И вот я снова на работе. И прежде всего я сталкиваюсь с руководителем.
- Ну как, Витя? - говорит он. - Что с вами случилось?
А я вдруг чувствую, что не в силах врать, и я молчу.
- Вы заболели?
- Нет, - говорю я.
- А что же? - удивляется руководитель.
- Я не смог, - говорю я и подло думаю о том, что пока еще говорю правду, что я действительно не смог, и такую фразу я могу произнести, оставаясь честным.
Руководитель извлекает из себя свой такт и не спрашивает меня дальше. Этого-то я и ждал, думаю я. Мне становится стыдно, и я гоню этот стыд.
- А исправления вы сделали? - спрашивает руководитель.
- Не успел еще, - говорю я и утешаю себя: "Я ведь действительно не успел?"...
- Как же это так, Витя? - говорит руководитель. - Пройдемте ко мне в кабинет.
Я плетусь к нему в кабинет. Руководитель плюхается в кресло, и оно раздается под ним. Я стою у стола и не смотрю на руководителя. Я вижу на аккуратном его столе американский скрепкосшиватель и не могу оторвать от него взгляда.
- Ну, рассказывайте, Витя, - говорит руководитель своим специальным ласковым тоном.
Я молчу. Руководитель снова извлекает из себя свой знаменитый такт и не спрашивает больше. Он начинает говорить сам.
- Что же это, Витя? Я знаю твоего отца, ты учился вместе с моим сыном... Ты знаешь, как я к тебе отношусь. Ты же умный, способный парень, тебе много дано... Чем же объяснить твое отношение?
Я молчу. Я знаю, лучше мне не говорить. Наверно, он действительно относится ко мне неплохо. Наверно, ему хочется пойти мне навстречу и оставить меня, хотя я и не оправдал ничего. Наверно, он даст мне еще время, чтобы я показал себя. Лучше уж не давать ему честных слов. Это честнее. Лучше отмолчаться и подождать, пока он решит все сам и отпустит меня, похлопав по плечу...
Руководитель выдерживает, паузу и продолжает:
- Ведь ты же взрослый человек, Витя... Ты ведь хорошо помнишь ваш школьный выпуск... Кухарский, Потехин и Мясников - уже аспиранты. Москвин и Номоконов научные сотрудники крупных и перспективных институтов. Запорожченко - уже капитан... А ты ведь был далеко не менее способным, чем они?
Он еще выдерживает паузу и говорит уже более шутливым голосом:
- Испытательный срок кончился? Кончился. И вышло что? Вышел фук. Я могу, конечно, дать тебе еще возможность... Но я должен быть уверен...

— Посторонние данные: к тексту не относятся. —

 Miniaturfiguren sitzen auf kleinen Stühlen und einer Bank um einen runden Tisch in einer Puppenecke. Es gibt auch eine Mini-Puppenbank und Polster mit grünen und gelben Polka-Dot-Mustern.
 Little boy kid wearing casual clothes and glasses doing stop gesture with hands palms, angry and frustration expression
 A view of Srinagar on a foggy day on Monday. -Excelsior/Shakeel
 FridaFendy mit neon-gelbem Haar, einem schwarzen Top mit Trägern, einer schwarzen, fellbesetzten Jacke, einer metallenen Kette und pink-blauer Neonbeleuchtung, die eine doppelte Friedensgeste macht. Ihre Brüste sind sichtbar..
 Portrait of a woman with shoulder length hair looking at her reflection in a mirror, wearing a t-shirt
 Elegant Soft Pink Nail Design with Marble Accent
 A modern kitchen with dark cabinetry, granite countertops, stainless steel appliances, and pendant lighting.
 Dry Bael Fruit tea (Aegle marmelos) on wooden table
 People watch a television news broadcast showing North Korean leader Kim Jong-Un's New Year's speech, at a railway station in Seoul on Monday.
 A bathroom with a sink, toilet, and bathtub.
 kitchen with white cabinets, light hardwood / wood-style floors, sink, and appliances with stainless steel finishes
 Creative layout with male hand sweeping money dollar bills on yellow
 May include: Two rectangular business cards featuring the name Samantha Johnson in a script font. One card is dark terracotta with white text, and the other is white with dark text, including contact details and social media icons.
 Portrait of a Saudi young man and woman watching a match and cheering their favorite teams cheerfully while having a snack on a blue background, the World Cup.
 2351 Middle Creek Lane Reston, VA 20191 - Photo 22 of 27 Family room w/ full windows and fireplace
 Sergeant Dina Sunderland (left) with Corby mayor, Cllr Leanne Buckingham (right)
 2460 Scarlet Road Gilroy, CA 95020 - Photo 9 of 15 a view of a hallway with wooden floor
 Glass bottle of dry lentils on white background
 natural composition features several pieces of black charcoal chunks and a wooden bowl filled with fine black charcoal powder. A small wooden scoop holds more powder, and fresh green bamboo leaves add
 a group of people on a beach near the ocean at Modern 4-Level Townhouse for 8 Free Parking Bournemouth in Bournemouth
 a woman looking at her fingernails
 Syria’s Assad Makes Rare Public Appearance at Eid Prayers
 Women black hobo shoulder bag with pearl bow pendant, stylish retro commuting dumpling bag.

Я стою. Я молчу. Это еще не ложь.
- Так вот, Витя...
Тихая возня поднимается во мне. Все в кабинете плавно сползает в сторону. И расплывается это все. Больше я ничего не слышу и не вижу.
А вижу я кактус на подоконнике. Каждую его иголочку. Сам зеленый, а иголочки рыжие. А за окном небо, почему-то синее. Снег сверкает. Снег и кактус. Красный трамвай с белой крышей изогнулся на повороте. Трамвай и кактус. И купол - такой голубой, что растворяется в небе. Церковь и кактус. Черно-белые деревья... Да ведь это тот самый сквер! Я всегда радуюсь ему после работы...
А в оконном стекле, повыше кактуса, - пузырь. Удивительно в этом пузырьке! И небо, и снег, и трамвай, и деревья, и купол - все помещается в нем. Маленькое, странно вытянутое и какое-то особенно яркое. Там снежный город. Кто-то живет в нем, вовсе крохотный... Интересно, каким он видит меня оттуда?